В этом я ничуть не сомневался.

В назначенный день я собрал чемодан и отправился на вокзал на Ливерпуль-стрит. В поезд на Мальдон я садился в радостном и приподнятом настроении, ибо в последнее время работа моя ограничивалась делами скучными и донельзя прозаичными, и мне по душе пришлась мысль покинуть Лондон с его толпами и грязными улицами и уехать прочь на пару деньков. В Рэбли воздух исполнен чистоты, а мили и мили болот отделят меня от шума цивилизации. А еще я, конечно, предвкушал беседы с Элайей Ворденом, не сомневаясь, что они сделают честь любому эрудиту.

Однако задолго до того, как мы подъехали к Мальдону, я пресытился видом Эссекских болот. Давно не представлялось мне случая припомнить, как печален и суров здешний пейзаж — равнина, не принадлежащая толком ни морю, ни суше. Одинокие озерца грязи зловеще поблескивали, а изредка попадавшиеся фермы и дряхлые, обшитые доской дома отнюдь не оживляли унылый пейзаж. Глядя на такое, и вообразить нельзя, что находишься в тридцати милях от величайшей столицы мира.

Мальдон — прелестный городок, живостью своей обязанный небольшому порту. Место показалось мне весьма приятным, и настроение мое улучшилось. Прибыв в Мальдон, я наконец убедился, что поступил правильно, покинув Лондон. Однако все изменилось, когда я подозвал кеб и приказал везти себя в Рэбли. Ответ кебмена меня крайне обескуражил.

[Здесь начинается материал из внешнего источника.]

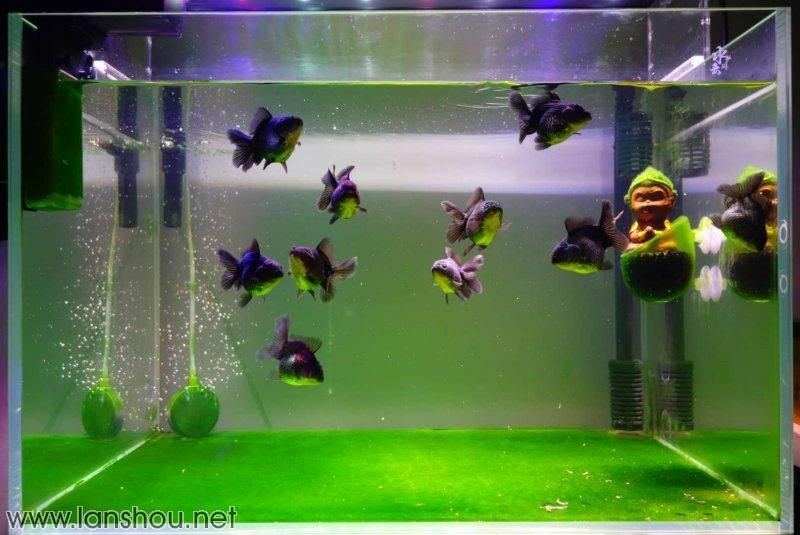 80魚缸可以養(yǎng)幾條泰獅龜：泰獅龜和泰獅金魚在80cm長的魚缸中的適宜飼養(yǎng)數(shù)量 80魚缸可以養(yǎng)幾條泰獅龜：泰獅龜和泰獅金魚在80cm長的魚缸中的適宜飼養(yǎng)數(shù)量 魚缸百科 第5張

— Ну, отвезти-то я вас отвезу, сэр, — пробормотал он. — Но чего вам туда ехать-то, ума не приложу, дыра-то ведь страшенная, чего там приличному человеку делать…

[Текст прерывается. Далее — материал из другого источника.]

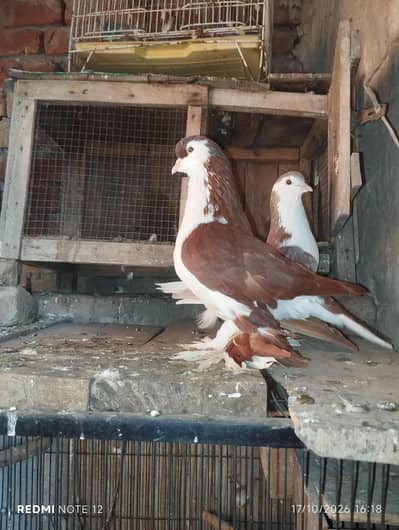 Lahoree German sherazi breeder pair 03110144020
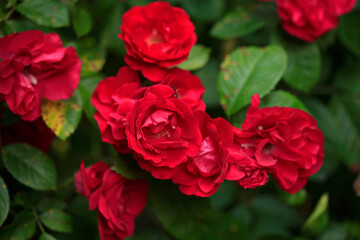 Red roses on green tree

Тут я пояснил, что прибыл с намерением навестить друга. После таких слов добрый малый несколько воспрял духом:

— Уж не мистера ли Вордена, сэр? О, так это другое дело, мистер Ворден — настоящий джентльмен, странноватый, правда, ну да ладно… Но все о нем только хорошее говорят, вот так вот. Он меня завсегда зовет, коли ему в Мальдон ехать надобно.

Тут кебмен погрузился в молчание, и некоторое время слышно было лишь, как лошади сердито бьют копытом о мостовую.

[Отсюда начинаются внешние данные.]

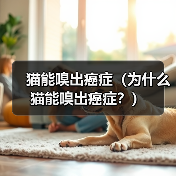 猫能嗅出癌症（为什么猫能嗅出癌症？）（图3）
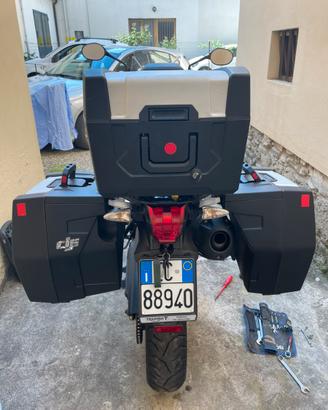 Tris borse valigie triumph tiger 800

— А все же, сэр, — наконец разродился он новой фразой, — я что сказал про Рэбли, то и сказал, назад не возьму. С гнильцой там место. И жители тамошние — тоже с гнильцой. Тьфу. Гнилое нутро у них, во как! И все ж таки, — тут он кривовато усмехнулся, — раз уж вздумалось туда ехать, не мне вас отговаривать. Полезайте в кеб, сэр, и я отвезу вас туда.

Мы долго ехали по северному берегу дельты, то и дело огибая заросшие камышом протоки. Пейзаж вокруг становился все более унылым. Равнинная местность, как известно, скрадывает расстояния, и я изумился, когда кебмен плеткой потыкал в сторону небольшой иззубренной возвышенности на горизонте:

— А вот и Меррел-Хилл, сэр. Скоро прибудем, не извольте волноваться.

И тут я понял, что на вершине холма стоят здания — причем во множестве. Вот где, оказывается, построил себе дом Элайя Ворден, и вот почему холм выглядел словно крепость с множеством башенок.

Деревня, а точнее, городок, расположился на обращенном к долине склоне: обитые сайдингом домишки сгрудились вдоль небольшого оврага, словно бы в попытке опереться друг на друга. Мы въезжали в город с запада и попали прямо на мощеную дорогу, переваливавшую через низкую вершину холма. Улица застроена была довольно внушительными по размеру домами, свидетельствовавшими о достатке местных жителей, однако, приглядевшись, я обнаружил, что времена процветания остались далеко в прошлом, ибо большая часть зданий явно нуждалась в ремонте и выглядела весьма жалко. Только два или три дома до сих пор выглядели достойно — они да еще одно здание явно публичного назначения, видимо, предназначавшееся для собраний. Над дорическим портиком шла короткая надпись — ДАГОН, выполненная неброскими римскими буквами.